WORK ITEM =>
Output must match the data below exactly from its first line through the line that contains "RbnP Embroidered Unisex Hoodie", with no other line.

########################################

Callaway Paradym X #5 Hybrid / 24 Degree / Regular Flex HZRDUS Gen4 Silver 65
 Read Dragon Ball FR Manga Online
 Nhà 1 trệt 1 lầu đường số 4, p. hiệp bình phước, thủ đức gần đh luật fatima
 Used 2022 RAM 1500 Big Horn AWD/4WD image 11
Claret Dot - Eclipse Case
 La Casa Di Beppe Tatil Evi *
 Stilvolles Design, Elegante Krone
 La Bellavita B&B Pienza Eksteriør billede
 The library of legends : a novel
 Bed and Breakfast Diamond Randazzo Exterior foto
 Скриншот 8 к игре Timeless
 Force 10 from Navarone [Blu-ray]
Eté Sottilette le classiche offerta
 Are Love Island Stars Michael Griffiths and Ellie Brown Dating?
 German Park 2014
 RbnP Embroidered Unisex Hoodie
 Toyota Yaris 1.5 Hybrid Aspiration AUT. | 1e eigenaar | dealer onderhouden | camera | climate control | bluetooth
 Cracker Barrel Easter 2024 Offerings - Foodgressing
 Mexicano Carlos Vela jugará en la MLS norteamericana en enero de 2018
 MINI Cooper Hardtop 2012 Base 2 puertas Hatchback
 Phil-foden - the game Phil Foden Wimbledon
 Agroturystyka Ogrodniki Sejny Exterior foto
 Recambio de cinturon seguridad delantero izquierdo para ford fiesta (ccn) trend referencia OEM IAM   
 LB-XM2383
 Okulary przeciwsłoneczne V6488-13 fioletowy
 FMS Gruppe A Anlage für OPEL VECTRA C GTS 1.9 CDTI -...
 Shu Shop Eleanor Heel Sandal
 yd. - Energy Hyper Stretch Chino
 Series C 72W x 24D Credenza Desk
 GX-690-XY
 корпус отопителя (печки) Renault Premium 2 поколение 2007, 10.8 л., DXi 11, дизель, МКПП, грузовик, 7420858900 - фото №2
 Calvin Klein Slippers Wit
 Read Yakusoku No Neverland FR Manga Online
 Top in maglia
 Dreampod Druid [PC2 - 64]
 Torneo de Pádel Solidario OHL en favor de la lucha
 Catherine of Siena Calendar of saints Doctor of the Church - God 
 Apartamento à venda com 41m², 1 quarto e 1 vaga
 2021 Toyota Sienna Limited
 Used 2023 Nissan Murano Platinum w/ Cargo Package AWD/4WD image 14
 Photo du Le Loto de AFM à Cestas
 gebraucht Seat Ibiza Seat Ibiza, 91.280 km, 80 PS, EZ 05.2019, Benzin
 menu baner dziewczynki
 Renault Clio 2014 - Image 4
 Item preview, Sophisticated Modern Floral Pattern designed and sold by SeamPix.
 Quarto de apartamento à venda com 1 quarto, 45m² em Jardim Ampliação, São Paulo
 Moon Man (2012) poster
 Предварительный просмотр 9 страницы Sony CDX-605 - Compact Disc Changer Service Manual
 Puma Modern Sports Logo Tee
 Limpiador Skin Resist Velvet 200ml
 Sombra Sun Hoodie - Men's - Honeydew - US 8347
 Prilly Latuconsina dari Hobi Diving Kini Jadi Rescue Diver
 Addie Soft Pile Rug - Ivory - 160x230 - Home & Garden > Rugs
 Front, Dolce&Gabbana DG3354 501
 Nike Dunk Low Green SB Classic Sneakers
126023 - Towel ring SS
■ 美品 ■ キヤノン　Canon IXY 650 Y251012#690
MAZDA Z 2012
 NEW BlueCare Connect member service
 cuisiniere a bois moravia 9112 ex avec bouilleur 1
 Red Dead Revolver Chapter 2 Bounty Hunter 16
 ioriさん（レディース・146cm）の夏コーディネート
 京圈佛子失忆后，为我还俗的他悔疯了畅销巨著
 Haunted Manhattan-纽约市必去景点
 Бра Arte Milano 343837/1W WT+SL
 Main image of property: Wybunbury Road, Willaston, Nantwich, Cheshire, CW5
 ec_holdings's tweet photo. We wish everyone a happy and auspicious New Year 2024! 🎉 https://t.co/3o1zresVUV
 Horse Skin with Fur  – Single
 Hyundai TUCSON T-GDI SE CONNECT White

########################################

EXERCISE RESPONSE =>
Callaway Paradym X #5 Hybrid / 24 Degree / Regular Flex HZRDUS Gen4 Silver 65
 Read Dragon Ball FR Manga Online
 Nhà 1 trệt 1 lầu đường số 4, p. hiệp bình phước, thủ đức gần đh luật fatima
 Used 2022 RAM 1500 Big Horn AWD/4WD image 11
Claret Dot - Eclipse Case
 La Casa Di Beppe Tatil Evi *
 Stilvolles Design, Elegante Krone
 La Bellavita B&B Pienza Eksteriør billede
 The library of legends : a novel
 Bed and Breakfast Diamond Randazzo Exterior foto
 Скриншот 8 к игре Timeless
 Force 10 from Navarone [Blu-ray]
Eté Sottilette le classiche offerta
 Are Love Island Stars Michael Griffiths and Ellie Brown Dating?
 German Park 2014
 RbnP Embroidered Unisex Hoodie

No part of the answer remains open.